§ **Your goal**:
Apart from the images, output the data below exactly.

§ **Given material**:
◇ ◇ ◇ ◇

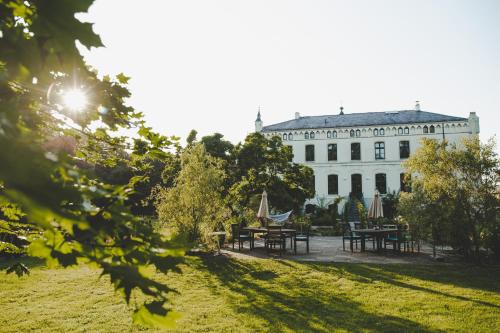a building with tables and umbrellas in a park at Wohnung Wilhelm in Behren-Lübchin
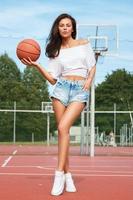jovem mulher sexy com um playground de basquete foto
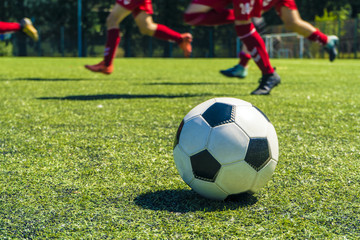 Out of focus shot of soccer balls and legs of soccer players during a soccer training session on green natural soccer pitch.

◇ ◇ ◇ ◇

§ **Solution**:
a building with tables and umbrellas in a park at Wohnung Wilhelm in Behren-Lübchin
jovem mulher sexy com um playground de basquete foto
 Out of focus shot of soccer balls and legs of soccer players during a soccer training session on green natural soccer pitch.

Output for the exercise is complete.